▼

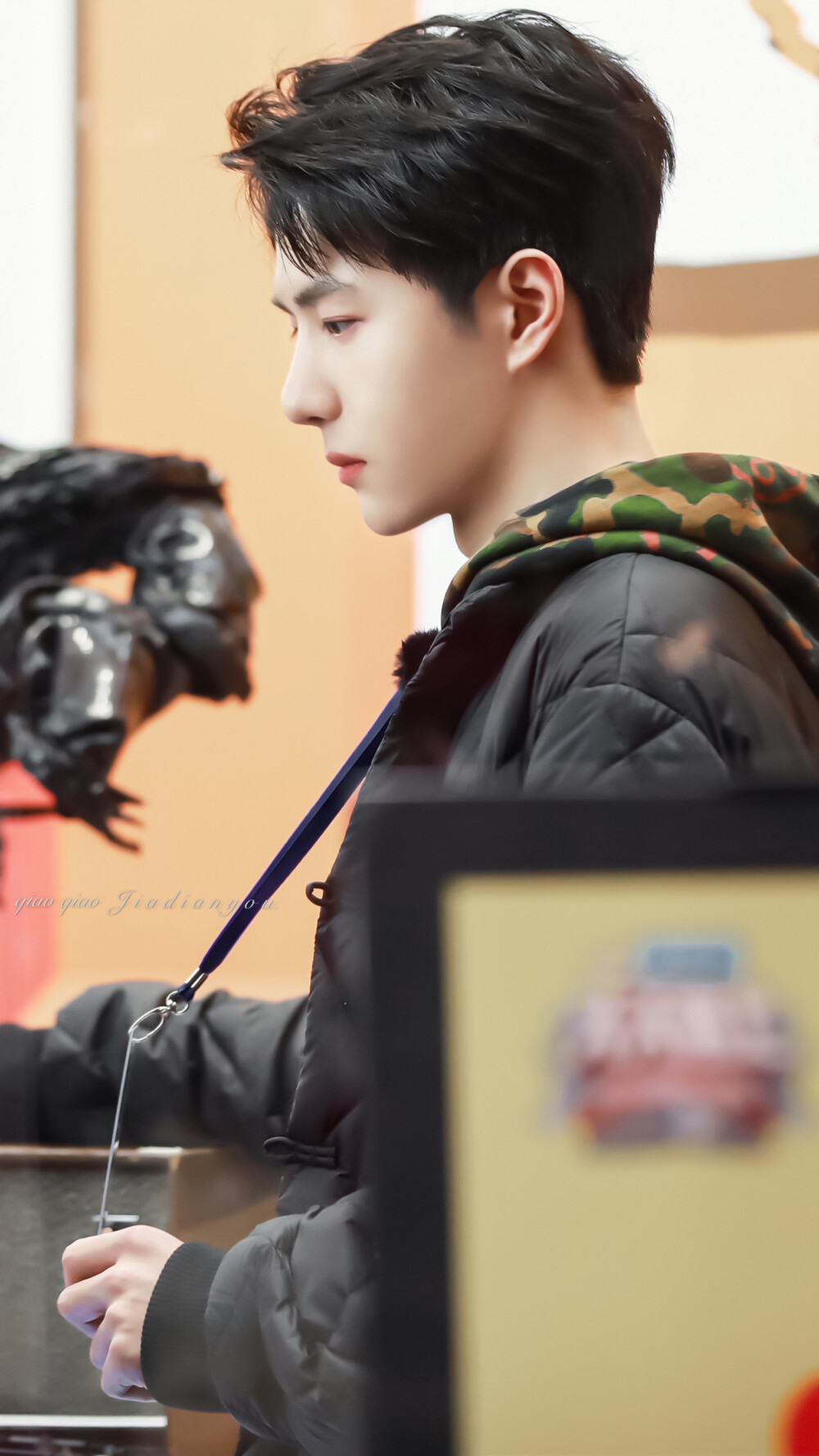 王一博壁纸天天向上2020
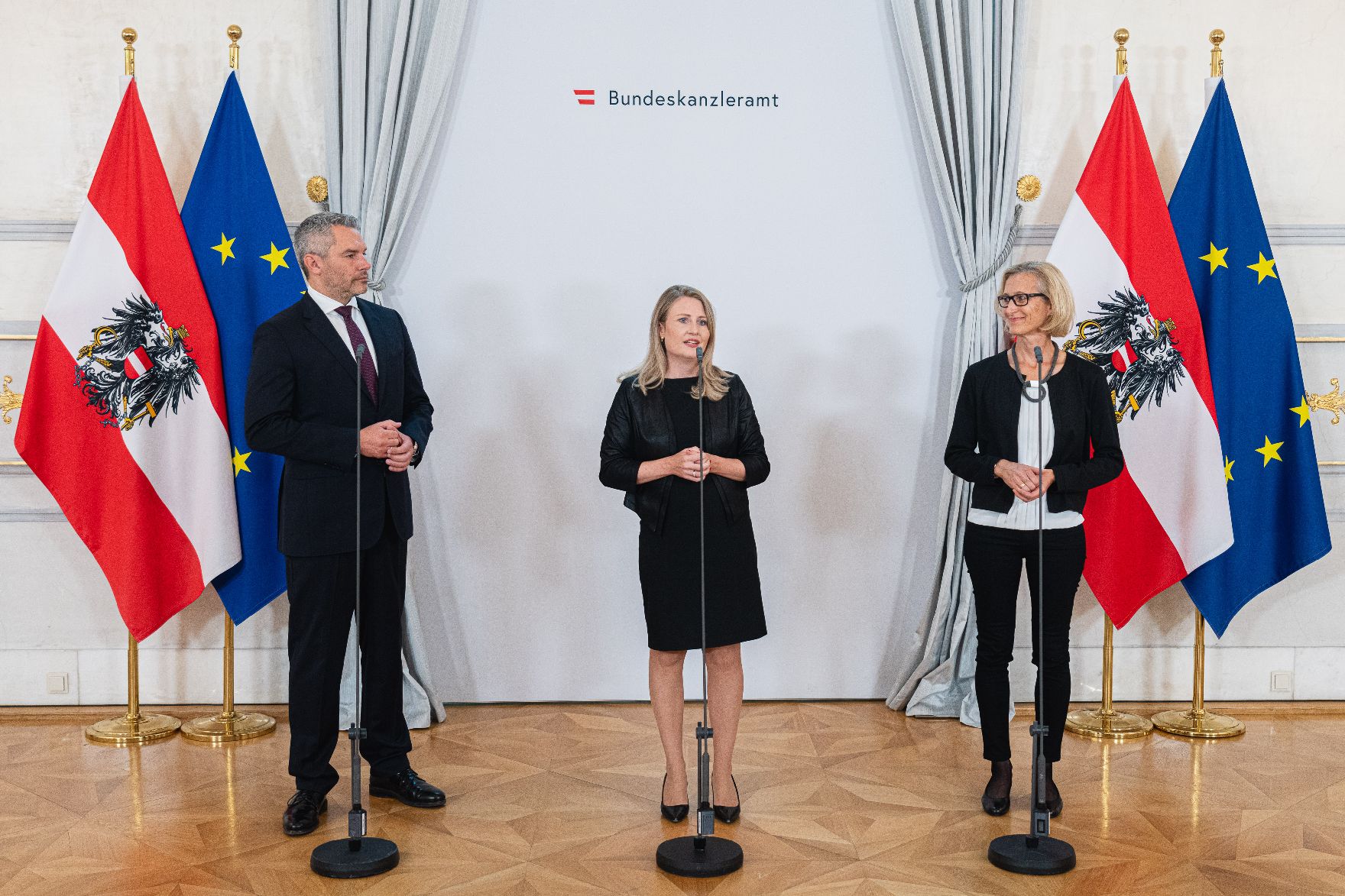Am 1. Oktober 2021 gab Bundesministerin Susanne Raab (m.) gemeinsam mit Bundesminister Karl Nehammer (l.) und einer Vertreterin der Gewaltschutzzentren, Karin Gölly (r.) ein Statement zu Gewaltschutzzentren ab.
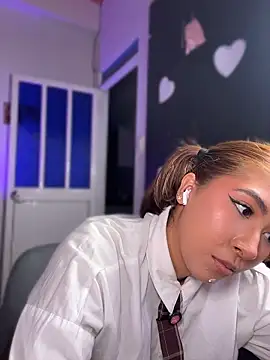 emilysofiia Chat XXX live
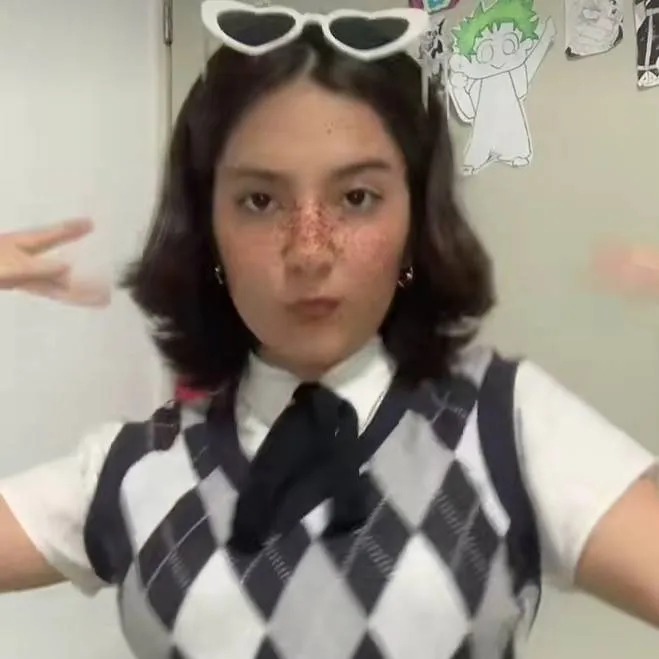 chat with ai character: lady van 18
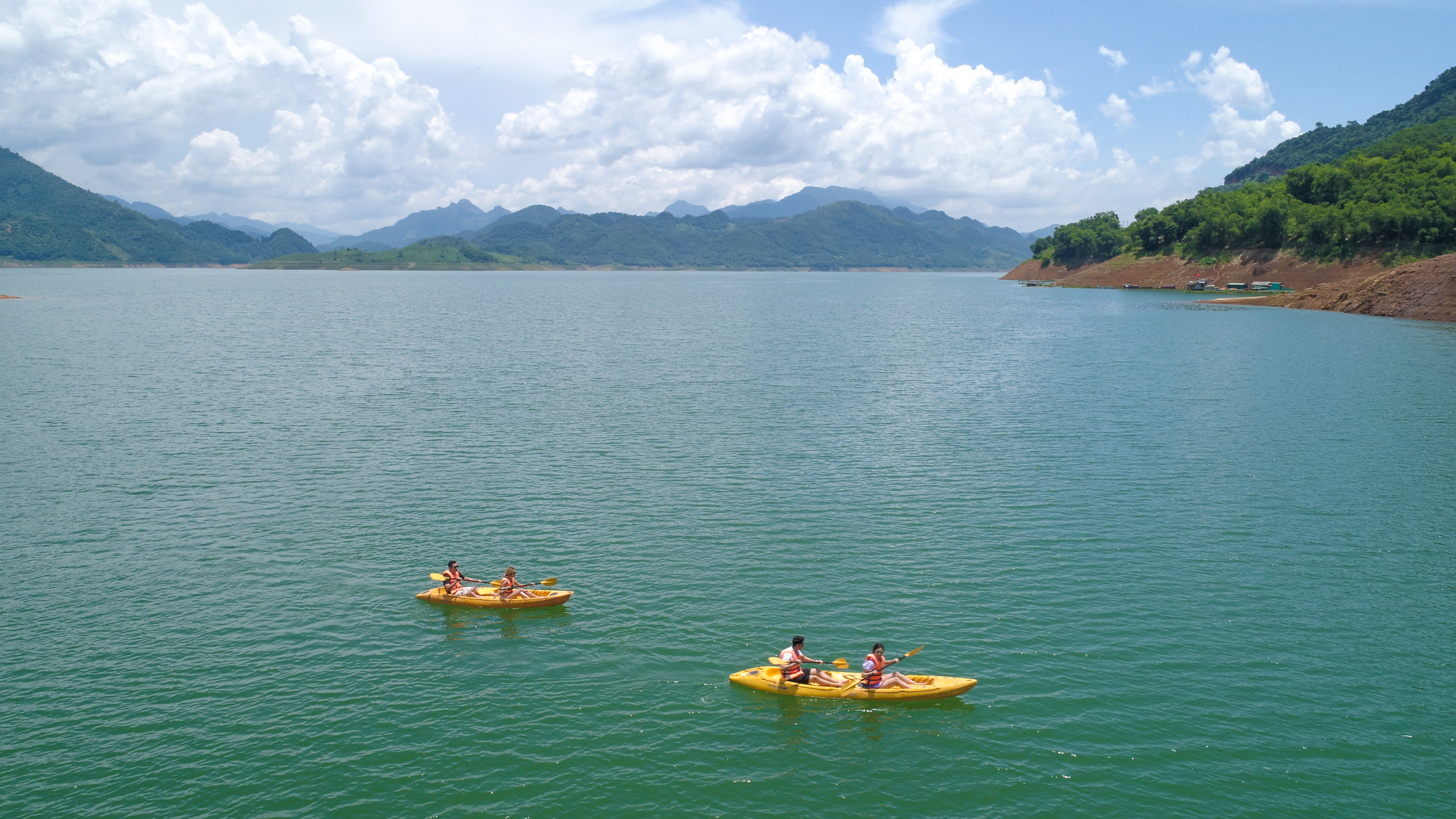 Chèo thuyền kayak Mai Châu – Những điểm đến hàng đầu, tour du lịch & mẹo cho chuyến phiêu lưu hoàn hảo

▲

#### WORK TASK:
Reproduce word for word the lines from the line holding "emilysofiia Chat XXX live" through the last line of the material above, inclusive, and keep pictures out of it.

#### RESPONSE AREA:
 emilysofiia Chat XXX live
 chat with ai character: lady van 18
 Chèo thuyền kayak Mai Châu – Những điểm đến hàng đầu, tour du lịch & mẹo cho chuyến phiêu lưu hoàn hảo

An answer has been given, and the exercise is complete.